The next question is from the line of Adarsh Parasrampuria from Nomura.
Firstly, on the RBI audit and divergence. I think the FY '17 divergence has been handled or at least addressed very well. Just wanted to understand that you -- we may have concurrent audits for FY '18. And having learned then you had limited chance in FY '17 to see what the regulator was looking at in terms of divergence, how do -- and we kind of draw comfort from the fact that you would have addressed that for FY '18 in any possible manner. If you can give some qualitative comments around that.
Well, that's just a good question. In the fiscal year, we actually, as I mentioned to you, had 2 divergence-related setbacks in April and afterward, so literally 2 inspection outcomes. In a way, it has literally with a gap of 6 months on record. But physically from 1 outcome to the beginning of the new -- next inspection was a gap of only 3 months. So naturally, the bank has been reasonably -- the management has been baptized. The board has been baptized. And I must confess, even the statutory auditors, KPMG, now for the last 2 years have been more than adequately baptized. So literally, the audit committee of the bank, the board of the bank, the management of the bank, the stat auditors of the bank, everybody has deeply dived into RBI, so-called IRAC rules, which naturally have been interpreted by us after 2 setbacks in the last fiscal year. And the level of diligence which is going on, first in-house by the management; two, by the stack auditors; three, also by the ongoing off-site regulatory supervision, which is embedded in the risk-based supervision of Reserve Bank of India; and the on-site is typically about 2.5, 3 months in a fiscal year, has given us enough experience to believe that we understand how RBI is interpreting these IRAC rules and divergences. And with heightened interventions of the stat auditors, naturally, a lot of in-house tests, further upgradation and fine-tuning of broad-approved policies, a lot of measures have been taken. And naturally, the auditors, particularly for the fiscal year ended March '18, have been extremely in depth, extremely diligent in addressing RBI issues and have given us [ on qualified ] opinion, including relating to past loans, past divergences, past assets that were NPA. So all of that has been reviewed. And I think collectively we are now -- we have a full understanding of RBI expectations in this regard.
Due to time constraints, we will take the last question from the line of Nitin Aggarwal from Motilal Oswal Securities.
My question is on the balance sheet growth. Now this year, we have grown our balance sheet size from INR 2 trillion to INR 3 trillion, so very rapid growth that we have seen. And we have said that we would want to grow nearly 30% for FY '19 as well. So how challenging do think will it be able to fund this growth, as the deposit growth still remains relatively soft and credit deposit ratio this year has increased pretty sharply?

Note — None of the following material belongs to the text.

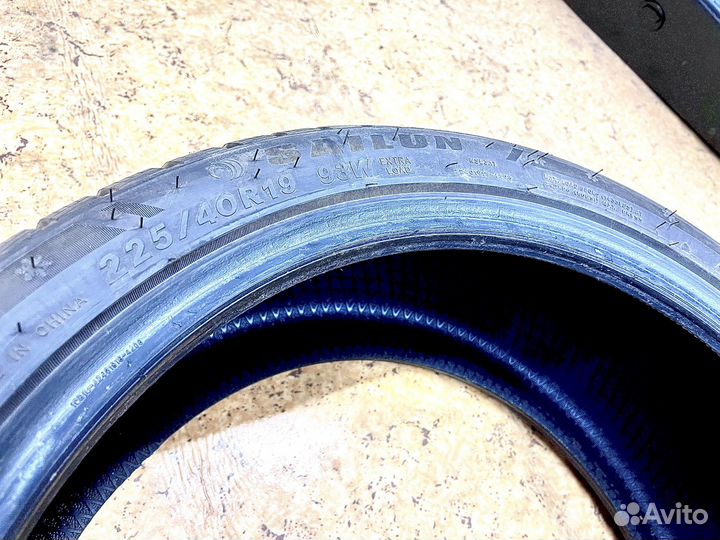 Sailun Ice Blazer Alpine EVO1 225/40 R19 и 255/35 R19 96V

Well, Nitin, yes, as I did mention earlier that we are targeting about 30% growth in advances. And the funding for this is coming through CASA and retail FDs, which constitute now 57% of our funding base. Roughly about -- as you know, cap add is at 18%. So when you add another 18% or even 15% to that number, you are looking at approximately around 75% coming in from our retail network plus our equity and our hybrid equity base. So our borrowing dependence as in institutional borrowing dependence and mostly long tenure is just between 20% and 25%. As -- and given our ratings and improving ratings in the course of time plus access to international borrowings, as demonstrated, we believe a mix of, let's say, 60% coming from branch banking as in retail banking, capital plus capital qualifying bonds contributing roughly around 15% to 18% and the rest of 20% to 22% coming by borrowings will be the approximate liability management mix of the bank to fund this growth. Rajat, do you want to add?

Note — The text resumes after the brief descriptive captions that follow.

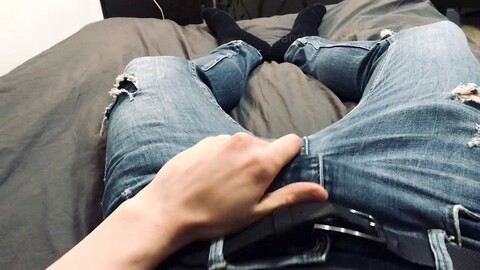 Étudiante taquinant dans son jean bleu après le cours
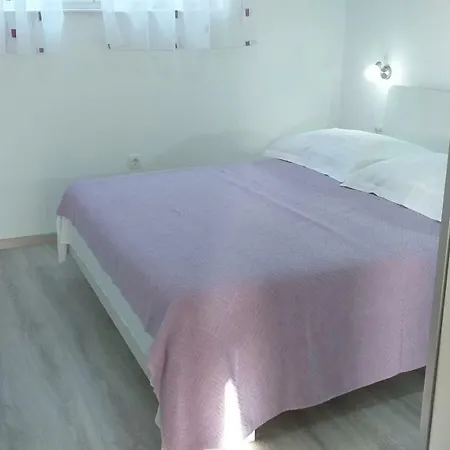 Zaklopatica * Lastovo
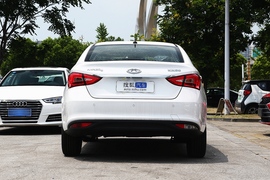 2021款奇瑞艾瑞泽5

Yes. So I think you can assume that, like in the past years, CASA has been growing anywhere between 40% and 50%. We believe it will continue. So the base is getting heavier. So maybe it will continue to grow at the lower end of this range. So that itself is a good start because the low-cost deposit mix is maintaining its 40-odd percent growth rate. There are already -- this year was harder because the loan book grew more like 54%, and we could not up that phase for our regular deposit business because that's not very easily possible either. But the momentum is continuing. The branches are getting added. The -- our business is getting stronger on the ground. So we should be able to keep the CASA meter running at a 40% year-on-year growth. As long as we achieve that, I think the rest is logically, I would say, falling in place. We will -- we have grown our deposits at 41% even this last year, and we will be able to keep that pace easily going provided CASA does its job at a 40% year-on-year growth. That'll also improve the mix of CASA by another 200 or 300 basis points, help the margins in the process as well. The funding will fall in place. I don't think there is a very -- that's not a very big ask. This year was harder. Next year will be easier.

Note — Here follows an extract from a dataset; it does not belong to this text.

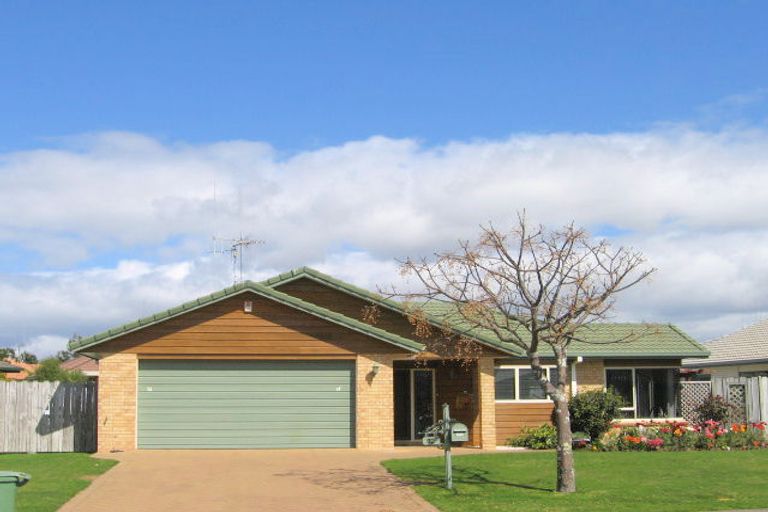 Photo of property in 14 Luculia Drive, Mount Maunganui, 3116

Due to time constraints, that was the last question. I now hand the conference over to Mr. Rana Kapoor for closing comments.
Well, thanks a lot for your patience and support. I think time and again the bank has demonstrated mostly over the last 10 years, so 40 quarters, against all kinds of headwinds, global, Eurozone, U.S., China, Japan, India, that the bank is able to navigate growth and be able to preserve its asset quality even after extraordinary couple of setbacks. And I also want to give a strong assurance that given the agility of management, the strong support of the board, led ably by our Chairman, Mr. Ashok Chawla -- and today, we have also added 2 more board members to replace 2 retiring members, Mr. Chandrashekhar, who was the Chairman of -- or rather the President -- Executive President of NASSCOM. He is also being inducted on the board today. And when Dr. Pratima, who's a dean of one of the top colleges in Pune, is also coming on our board, so lady director has been also replaced. So what I'm trying to say is that the objectives of the bank to grow, preserve quality, maintain proper board and management governance. And on management governance also we have made a couple of changes, which are in public domain. So I think, literally, board and management governance is really stacking up well. And I think in the next 2 years, we'll more than amply demonstrate the ability of the bank to really emerge as a large bank.And some of the numbers we have shared with you in the past as part of our 5-year vision and strategy, which was announced in April of 2015, I think we are back on track to achieve that, to be a INR 5 lakh crore bank, so INR 5 trillion total asset bank, and certainly cross INR 3 trillion in deposits and advances by 2020, as we have done INR 2 lakh this particular year, and work towards emerging in the top 6, 7 public and private banks in the country surely by 2020. I think, on profitability, we are already there, as you can see. And I'll request my colleague Niranjan to share a peer group comparison of the 3 institutional bank and 3 banks including us in our peer group. And you can see that we are very much on track and have emerged as the fourth largest stand-alone bank in the country. And I think we will maintain that position for quite some time to come at least organically in our case. Good luck. Thank you very much for your patience. Thank you.